Task input Start Marker
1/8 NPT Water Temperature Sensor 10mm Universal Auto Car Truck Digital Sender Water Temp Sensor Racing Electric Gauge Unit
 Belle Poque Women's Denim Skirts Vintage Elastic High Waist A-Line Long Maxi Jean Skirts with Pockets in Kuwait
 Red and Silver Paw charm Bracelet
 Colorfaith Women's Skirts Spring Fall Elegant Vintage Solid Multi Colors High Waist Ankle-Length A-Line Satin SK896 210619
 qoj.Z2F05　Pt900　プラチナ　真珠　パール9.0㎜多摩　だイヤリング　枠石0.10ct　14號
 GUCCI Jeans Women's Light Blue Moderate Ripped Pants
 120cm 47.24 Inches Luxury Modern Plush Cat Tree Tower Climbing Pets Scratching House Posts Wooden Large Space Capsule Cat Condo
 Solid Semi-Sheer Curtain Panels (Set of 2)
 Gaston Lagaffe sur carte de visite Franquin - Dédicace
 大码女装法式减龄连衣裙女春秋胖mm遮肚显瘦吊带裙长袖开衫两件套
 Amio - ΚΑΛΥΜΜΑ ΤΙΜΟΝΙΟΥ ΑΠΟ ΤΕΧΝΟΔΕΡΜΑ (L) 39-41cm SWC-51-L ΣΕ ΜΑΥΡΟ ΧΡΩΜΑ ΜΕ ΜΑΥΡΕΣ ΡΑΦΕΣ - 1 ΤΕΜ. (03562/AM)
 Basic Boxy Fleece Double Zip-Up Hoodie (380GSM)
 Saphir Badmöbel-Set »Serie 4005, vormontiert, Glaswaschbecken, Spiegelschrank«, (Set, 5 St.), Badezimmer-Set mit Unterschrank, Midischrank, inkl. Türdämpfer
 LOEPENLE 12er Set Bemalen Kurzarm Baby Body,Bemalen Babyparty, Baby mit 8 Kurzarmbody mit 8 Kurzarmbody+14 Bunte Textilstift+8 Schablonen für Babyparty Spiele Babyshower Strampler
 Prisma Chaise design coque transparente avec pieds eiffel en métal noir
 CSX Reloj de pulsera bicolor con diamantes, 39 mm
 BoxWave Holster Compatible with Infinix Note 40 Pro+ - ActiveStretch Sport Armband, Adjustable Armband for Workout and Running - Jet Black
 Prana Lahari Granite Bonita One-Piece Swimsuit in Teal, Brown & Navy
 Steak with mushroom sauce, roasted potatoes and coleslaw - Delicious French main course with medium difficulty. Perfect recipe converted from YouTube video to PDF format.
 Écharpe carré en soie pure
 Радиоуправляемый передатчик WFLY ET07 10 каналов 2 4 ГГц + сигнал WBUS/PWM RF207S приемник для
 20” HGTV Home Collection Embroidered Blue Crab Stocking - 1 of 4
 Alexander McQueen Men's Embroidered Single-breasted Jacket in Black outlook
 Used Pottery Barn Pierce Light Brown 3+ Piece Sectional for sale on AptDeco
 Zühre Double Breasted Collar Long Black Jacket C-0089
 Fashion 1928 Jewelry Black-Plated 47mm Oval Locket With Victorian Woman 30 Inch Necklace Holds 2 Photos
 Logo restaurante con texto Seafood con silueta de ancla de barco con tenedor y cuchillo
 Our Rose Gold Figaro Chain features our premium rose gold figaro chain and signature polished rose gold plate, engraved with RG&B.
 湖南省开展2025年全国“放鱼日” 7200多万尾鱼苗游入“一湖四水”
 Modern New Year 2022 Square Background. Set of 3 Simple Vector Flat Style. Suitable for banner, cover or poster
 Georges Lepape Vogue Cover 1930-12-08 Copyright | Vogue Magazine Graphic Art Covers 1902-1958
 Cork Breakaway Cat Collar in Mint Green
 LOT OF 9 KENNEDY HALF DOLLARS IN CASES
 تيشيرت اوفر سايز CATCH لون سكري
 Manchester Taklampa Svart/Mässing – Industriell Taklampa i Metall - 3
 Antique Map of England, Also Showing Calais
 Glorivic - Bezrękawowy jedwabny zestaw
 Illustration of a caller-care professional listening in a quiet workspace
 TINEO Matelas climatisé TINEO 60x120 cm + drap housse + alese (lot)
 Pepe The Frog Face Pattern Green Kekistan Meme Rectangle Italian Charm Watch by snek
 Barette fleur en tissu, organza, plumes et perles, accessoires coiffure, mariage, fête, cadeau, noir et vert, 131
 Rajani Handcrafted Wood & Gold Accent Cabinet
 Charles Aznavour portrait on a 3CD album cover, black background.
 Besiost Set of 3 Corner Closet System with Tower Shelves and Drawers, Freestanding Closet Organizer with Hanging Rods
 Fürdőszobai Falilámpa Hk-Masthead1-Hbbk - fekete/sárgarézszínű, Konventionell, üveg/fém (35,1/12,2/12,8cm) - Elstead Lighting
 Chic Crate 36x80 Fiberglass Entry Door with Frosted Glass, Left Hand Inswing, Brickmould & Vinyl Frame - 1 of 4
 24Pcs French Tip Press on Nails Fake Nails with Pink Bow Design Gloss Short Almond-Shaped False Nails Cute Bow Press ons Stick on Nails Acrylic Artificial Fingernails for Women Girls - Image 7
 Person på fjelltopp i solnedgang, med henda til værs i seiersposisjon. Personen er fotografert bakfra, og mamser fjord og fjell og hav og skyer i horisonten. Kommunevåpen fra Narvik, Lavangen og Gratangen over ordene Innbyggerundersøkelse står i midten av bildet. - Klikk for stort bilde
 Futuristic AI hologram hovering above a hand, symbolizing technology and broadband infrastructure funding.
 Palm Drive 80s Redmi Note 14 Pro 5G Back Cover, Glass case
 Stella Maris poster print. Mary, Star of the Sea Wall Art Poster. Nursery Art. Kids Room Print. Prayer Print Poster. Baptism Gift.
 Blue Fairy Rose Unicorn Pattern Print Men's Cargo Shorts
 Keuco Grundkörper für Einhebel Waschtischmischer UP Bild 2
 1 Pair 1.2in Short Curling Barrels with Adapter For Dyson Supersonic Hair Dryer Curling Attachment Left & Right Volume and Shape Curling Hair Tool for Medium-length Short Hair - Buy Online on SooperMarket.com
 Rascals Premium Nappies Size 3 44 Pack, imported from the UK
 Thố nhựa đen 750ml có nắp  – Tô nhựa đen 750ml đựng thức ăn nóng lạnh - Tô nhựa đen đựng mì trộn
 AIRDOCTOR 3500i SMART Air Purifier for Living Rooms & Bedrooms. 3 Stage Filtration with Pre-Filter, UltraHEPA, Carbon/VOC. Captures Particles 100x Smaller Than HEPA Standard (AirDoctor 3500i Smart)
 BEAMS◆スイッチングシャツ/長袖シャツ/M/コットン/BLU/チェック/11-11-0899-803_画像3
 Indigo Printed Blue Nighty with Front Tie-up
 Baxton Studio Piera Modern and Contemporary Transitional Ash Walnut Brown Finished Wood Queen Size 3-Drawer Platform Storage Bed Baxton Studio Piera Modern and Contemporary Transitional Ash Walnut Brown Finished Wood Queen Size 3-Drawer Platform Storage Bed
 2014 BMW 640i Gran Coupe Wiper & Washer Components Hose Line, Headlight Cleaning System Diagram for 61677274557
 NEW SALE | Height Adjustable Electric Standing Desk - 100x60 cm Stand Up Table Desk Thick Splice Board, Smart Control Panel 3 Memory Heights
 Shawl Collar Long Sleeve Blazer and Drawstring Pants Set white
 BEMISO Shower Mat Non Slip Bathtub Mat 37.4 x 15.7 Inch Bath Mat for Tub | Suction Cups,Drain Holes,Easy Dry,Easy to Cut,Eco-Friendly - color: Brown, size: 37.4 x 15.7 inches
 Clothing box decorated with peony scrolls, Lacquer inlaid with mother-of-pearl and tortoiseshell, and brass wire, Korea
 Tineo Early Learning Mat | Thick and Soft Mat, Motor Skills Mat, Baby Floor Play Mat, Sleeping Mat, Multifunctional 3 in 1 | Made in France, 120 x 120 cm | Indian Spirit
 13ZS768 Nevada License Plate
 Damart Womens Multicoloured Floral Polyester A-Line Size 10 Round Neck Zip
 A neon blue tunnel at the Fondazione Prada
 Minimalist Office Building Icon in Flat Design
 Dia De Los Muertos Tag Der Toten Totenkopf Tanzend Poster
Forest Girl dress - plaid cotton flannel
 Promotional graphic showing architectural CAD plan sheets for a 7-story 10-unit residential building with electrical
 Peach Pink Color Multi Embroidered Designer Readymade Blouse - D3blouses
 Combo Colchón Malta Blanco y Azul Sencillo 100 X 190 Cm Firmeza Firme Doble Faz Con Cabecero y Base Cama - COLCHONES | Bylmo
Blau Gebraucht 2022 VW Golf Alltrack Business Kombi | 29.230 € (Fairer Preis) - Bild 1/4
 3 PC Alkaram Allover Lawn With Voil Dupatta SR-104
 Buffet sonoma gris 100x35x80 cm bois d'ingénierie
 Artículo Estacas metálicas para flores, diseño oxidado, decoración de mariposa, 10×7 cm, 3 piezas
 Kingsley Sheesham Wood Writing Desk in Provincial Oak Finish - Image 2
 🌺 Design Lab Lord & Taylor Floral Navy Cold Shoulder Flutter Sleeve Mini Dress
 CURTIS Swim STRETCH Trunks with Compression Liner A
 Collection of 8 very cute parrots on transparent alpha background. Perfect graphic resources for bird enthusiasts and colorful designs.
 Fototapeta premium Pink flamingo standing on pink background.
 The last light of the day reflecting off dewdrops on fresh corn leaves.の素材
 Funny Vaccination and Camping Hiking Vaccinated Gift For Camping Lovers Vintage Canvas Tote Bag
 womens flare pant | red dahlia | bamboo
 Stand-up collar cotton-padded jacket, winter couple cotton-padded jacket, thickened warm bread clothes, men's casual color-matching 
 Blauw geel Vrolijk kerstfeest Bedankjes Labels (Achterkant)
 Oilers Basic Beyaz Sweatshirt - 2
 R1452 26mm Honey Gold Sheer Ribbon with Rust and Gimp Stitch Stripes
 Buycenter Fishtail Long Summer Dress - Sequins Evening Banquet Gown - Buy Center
Task input End Marker
• Brief
Will you return exactly the lines above from the one with "Barette fleur en" down to the one with "Indigo Printed Blue Nighty with Front Tie-up", counting both as part of the range?

• Reply to the task
 Barette fleur en tissu, organza, plumes et perles, accessoires coiffure, mariage, fête, cadeau, noir et vert, 131
 Rajani Handcrafted Wood & Gold Accent Cabinet
 Charles Aznavour portrait on a 3CD album cover, black background.
 Besiost Set of 3 Corner Closet System with Tower Shelves and Drawers, Freestanding Closet Organizer with Hanging Rods
 Fürdőszobai Falilámpa Hk-Masthead1-Hbbk - fekete/sárgarézszínű, Konventionell, üveg/fém (35,1/12,2/12,8cm) - Elstead Lighting
 Chic Crate 36x80 Fiberglass Entry Door with Frosted Glass, Left Hand Inswing, Brickmould & Vinyl Frame - 1 of 4
 24Pcs French Tip Press on Nails Fake Nails with Pink Bow Design Gloss Short Almond-Shaped False Nails Cute Bow Press ons Stick on Nails Acrylic Artificial Fingernails for Women Girls - Image 7
 Person på fjelltopp i solnedgang, med henda til værs i seiersposisjon. Personen er fotografert bakfra, og mamser fjord og fjell og hav og skyer i horisonten. Kommunevåpen fra Narvik, Lavangen og Gratangen over ordene Innbyggerundersøkelse står i midten av bildet. - Klikk for stort bilde
 Futuristic AI hologram hovering above a hand, symbolizing technology and broadband infrastructure funding.
 Palm Drive 80s Redmi Note 14 Pro 5G Back Cover, Glass case
 Stella Maris poster print. Mary, Star of the Sea Wall Art Poster. Nursery Art. Kids Room Print. Prayer Print Poster. Baptism Gift.
 Blue Fairy Rose Unicorn Pattern Print Men's Cargo Shorts
 Keuco Grundkörper für Einhebel Waschtischmischer UP Bild 2
 1 Pair 1.2in Short Curling Barrels with Adapter For Dyson Supersonic Hair Dryer Curling Attachment Left & Right Volume and Shape Curling Hair Tool for Medium-length Short Hair - Buy Online on SooperMarket.com
 Rascals Premium Nappies Size 3 44 Pack, imported from the UK
 Thố nhựa đen 750ml có nắp  – Tô nhựa đen 750ml đựng thức ăn nóng lạnh - Tô nhựa đen đựng mì trộn
 AIRDOCTOR 3500i SMART Air Purifier for Living Rooms & Bedrooms. 3 Stage Filtration with Pre-Filter, UltraHEPA, Carbon/VOC. Captures Particles 100x Smaller Than HEPA Standard (AirDoctor 3500i Smart)
 BEAMS◆スイッチングシャツ/長袖シャツ/M/コットン/BLU/チェック/11-11-0899-803_画像3
 Indigo Printed Blue Nighty with Front Tie-up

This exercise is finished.